To find which peers are hosting the content you’re after (discovery), IPFS uses a distributed hash table, or DHT. A hash table is a database of keys to values. A distributed hash table is one where the table is split across all the peers in a distributed network. To find content, you ask these peers.
The libp2p project is the part of the IPFS ecosystem that provides the DHT and handles peers connecting and talking to each other. (Note that, as with IPLD, libp2p can also be used as a tool for other distributed systems, not just IPFS.)
Once you know where your content is (ie, which peer or peers are storing each of the blocks that make up the content you’re after), you use the DHT again to find the current location of those peers (routing). So, in order to get to content, you use libp2p to query the DHT twice.
You’ve discovered your content, and you’ve found the current location(s) of that content — now you need to connect to that content and get it (exchange). To request blocks from and send blocks to other peers, IPFS currently uses a module called Bitswap. Bitswap allows you to connect to the peer or peers that have the content you want, send them your wantlist (a list of all the blocks you’re interested in), and have them send you the blocks you requested. Once those blocks arrive, you can verify them by hashing their content to get CIDs. (These CIDs also allow you to deduplicate blocks if needed.)
There are other content replication protocols under discussion as well, the most developed of which is Graphsync. There’s also a proposal under discussion to extend the Bitswap protocol to add functionality around requests and responses.
A note on libp2p
What makes libp2p especially useful for peer to peer connections is connection multiplexing. Traditionally, every service in a system would open a different connection to remotely communicate with other services of the same kind. Using IPFS, you open just one connection, and you multiplex everything on that. For everything your peers need to talk to each other about, you send a little bit of each thing, and the other end knows how to sort those chunks where they belong.

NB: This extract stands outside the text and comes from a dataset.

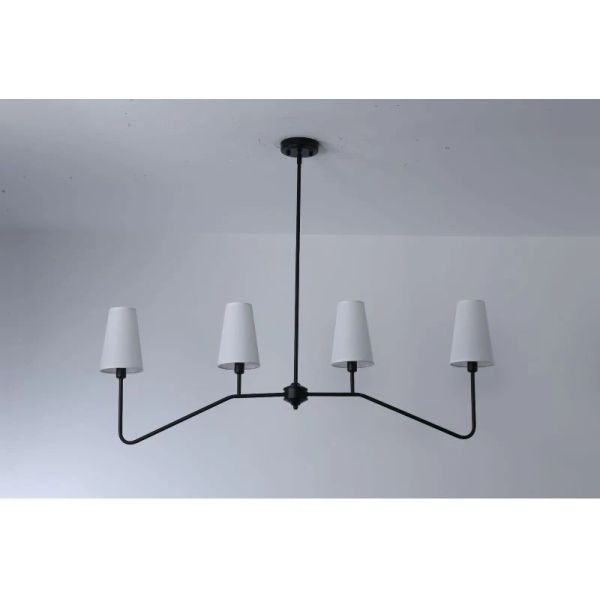 Vintage Rustic Industrial Style Chandeliers Linear Chandelier(WH-AP-622)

This is useful because establishing connections is usually hard to set up and expensive to maintain. With multiplexing, once you have that connection, you can do whatever you need on it.
And everything is modular
As you may have noticed from this discussion, the IPFS ecosystem is made up of many modular libraries that support specific parts of any distributed system. You can certainly use any part of the stack independently, or combine them in novel ways.
Summary
The IPFS ecosystem gives CIDs to content, and links that content together by generating IPLD-Merkle-DAGs. You can discover content using a DHT that’s provided by libp2p, and open a connection to any provider of that content and download it using a multiplexed connection. All of this is held together by the “middle” of the stack, which is linked, unique identifiers; that’s the essential part that the IPFS is built on.